ACTION ITEM
In the entries below, begin at the line that has "Vtg The Aspirations", stop after the line that has "Erkek Bebek Selanik", and output those lines exactly with no pictures.

Stored dataset items:
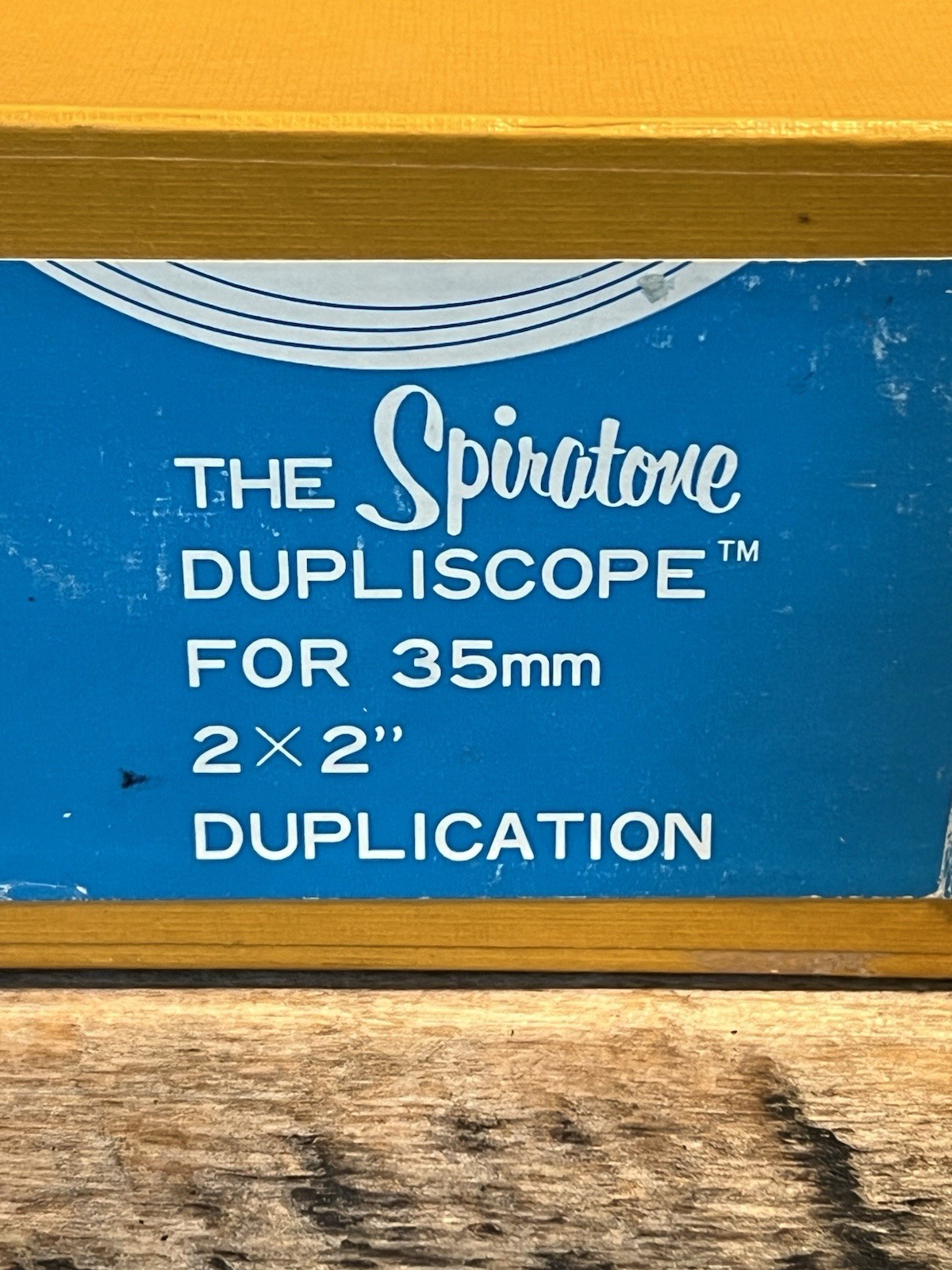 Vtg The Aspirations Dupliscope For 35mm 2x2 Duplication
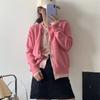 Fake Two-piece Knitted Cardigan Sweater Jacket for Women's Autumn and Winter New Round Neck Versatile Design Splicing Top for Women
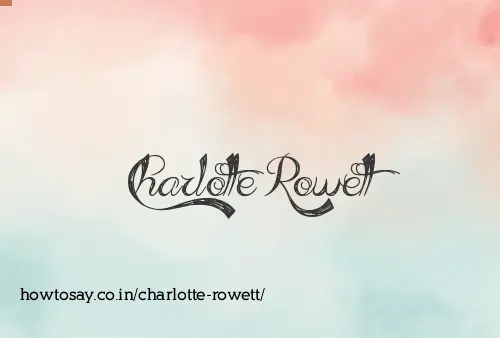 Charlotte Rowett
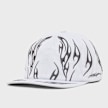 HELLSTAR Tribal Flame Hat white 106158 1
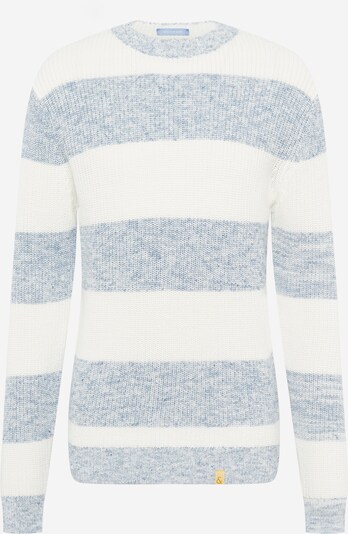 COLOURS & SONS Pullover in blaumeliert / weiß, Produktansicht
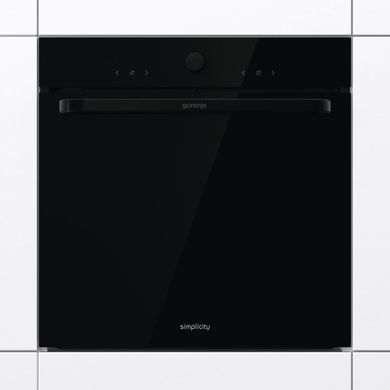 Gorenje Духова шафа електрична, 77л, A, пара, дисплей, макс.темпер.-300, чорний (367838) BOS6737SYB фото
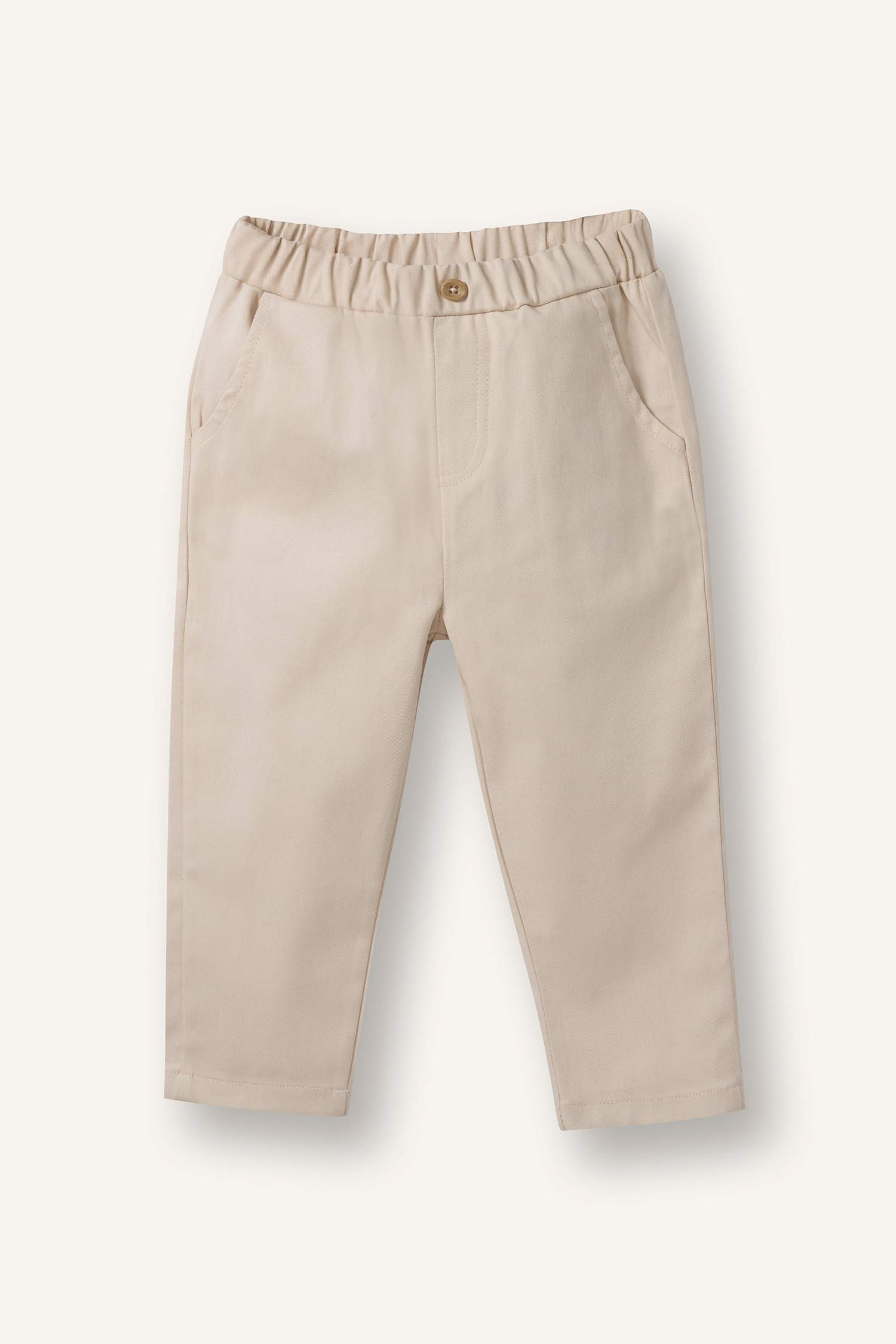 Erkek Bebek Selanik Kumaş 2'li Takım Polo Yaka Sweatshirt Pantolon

--

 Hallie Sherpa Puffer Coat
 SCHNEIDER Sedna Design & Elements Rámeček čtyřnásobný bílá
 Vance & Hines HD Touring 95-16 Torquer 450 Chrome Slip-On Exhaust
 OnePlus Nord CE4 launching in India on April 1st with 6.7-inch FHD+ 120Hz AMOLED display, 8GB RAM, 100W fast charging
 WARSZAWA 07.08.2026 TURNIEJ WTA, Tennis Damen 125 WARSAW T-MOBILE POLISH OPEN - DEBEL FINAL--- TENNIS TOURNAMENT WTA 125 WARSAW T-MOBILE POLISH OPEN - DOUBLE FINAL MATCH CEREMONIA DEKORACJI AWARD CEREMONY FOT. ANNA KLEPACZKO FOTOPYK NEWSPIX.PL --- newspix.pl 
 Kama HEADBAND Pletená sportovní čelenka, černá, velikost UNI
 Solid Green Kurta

RESULT
 Vtg The Aspirations Dupliscope For 35mm 2x2 Duplication
 Fake Two-piece Knitted Cardigan Sweater Jacket for Women's Autumn and Winter New Round Neck Versatile Design Splicing Top for Women
 Charlotte Rowett
 HELLSTAR Tribal Flame Hat white 106158 1
 COLOURS & SONS Pullover in blaumeliert / weiß, Produktansicht
 Gorenje Духова шафа електрична, 77л, A, пара, дисплей, макс.темпер.-300, чорний (367838) BOS6737SYB фото
 Erkek Bebek Selanik Kumaş 2'li Takım Polo Yaka Sweatshirt Pantolon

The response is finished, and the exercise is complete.